La unidad de los tres prelados, la conjunción colombo-española, que fue orientadora y consejera en esos primeros años, pronto empezó a dar frutos y por medio de convites, antesala de la Acción Comunal de hoy, se dieron a la tarea de talar bosque para extraer la madera de construcción hasta llegar a la orilla del río Gris, y una vez el fuego cumplió la misión de consumir las ramas secas, levantaron una ramada que les sirvió de vivienda y de centro religioso. A su alrededor se levantaron otras chozas para el alojamiento de algunos colonos y convirtiéndose el lugar en el epicentro de todas las reuniones.
Con el sitio ya destinado el Padre Valencia, quien ya se encontraba solo ante la partida de los misioneros españoles, con el apoyo material y económico de la creciente feligresía y la colaboración de la Divina Providencia como él mismo lo afirmaba, dio principio a la construcción de lo que habría de ser el templo y la sede cural para Génova utilizando largos trozos de laurel-peña, cedros y otros que se encontraban con profusión en el área y encomendando la tarea al maestro Federico Quintana.
El paso del tiempo era raudo y a pesar de los avances en construcción y población, la dependencia espiritual era de la parroquia de Colón, hoy Pijao, donde oficiaba el Sacerdote Tulio Efrén Arias Ocampo quien disponía de visitas mensuales o algunas esporádicas cuando era requerido para confesiones, entierros o matrimonios debiéndose mencionar que al retiro del Padre Ismael Valencia las obras previstas estaban casi terminadas aunque con algunos inconvenientes como era el de que al frente de la Iglesia su piso presentaba una altura de más de dos metros sin gradas o escaleras y su suelo cubierto por grandes rocas, lo cual constituía un serio peligro. Esto ocurría hacia el año de 1926.

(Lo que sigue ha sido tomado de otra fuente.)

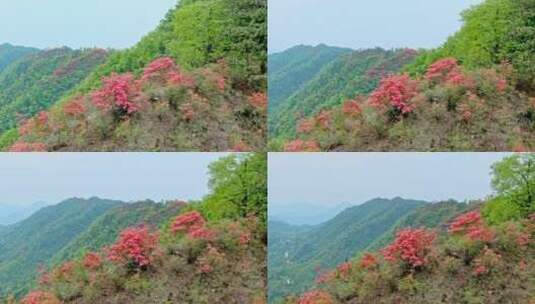 航拍高山杜鹃花3高清在线视频素材下载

Es dable hacer una pequeña reseña del sacerdote Arias Ocampo. Oriundo de Salento se destacó por el cumplimiento de su deber a veces rayando con la osadía. La distancia entre Colón, su asiento principal, y Génova por el camino de la Maicena y El Cinabrio era de unas cinco leguas, es decir una separación de más de veintisiete kilómetros, los que se hacían interminables por lo quebrado del terreno y los ríos y quebradas que había que vadear, recorrido que se hacía penoso en invierno. No rehuía el llamado de los genoveses, de día o de noche, en medio del polvo o del lodo, utilizando para ello un fuerte macho negro que le ofrecía seguridad y la compañía de un perro lobo, un verdadero mastín.
Mientras la ya construida iglesia que sobresalía de manera altiva por su maderamen permanecía sin sacerdote durante gran parte del año, al frente estaba el señor Alejando Gómez, quien se desempeñaba como sacristán y al que por encargo primero y por devoción después, utilizando las campanas de entonces, servía de reloj local.
Las 5:00 de la mañana, las 12:00 del día, las 6:00 de la tarde y las 8:00 de la noche eran anunciadas a diario sin que importara la inclemencia del tiempo para el habitual traslado desde su casa a la sede religiosa; el redoble lúgubre que recorría en ocasiones el poblado avisaba sobre el fallecimiento de alguno de los ciudadanos mientras el repique continuo y alegre era el anuncio del arribo al poblado del prelado Arias Ocampo.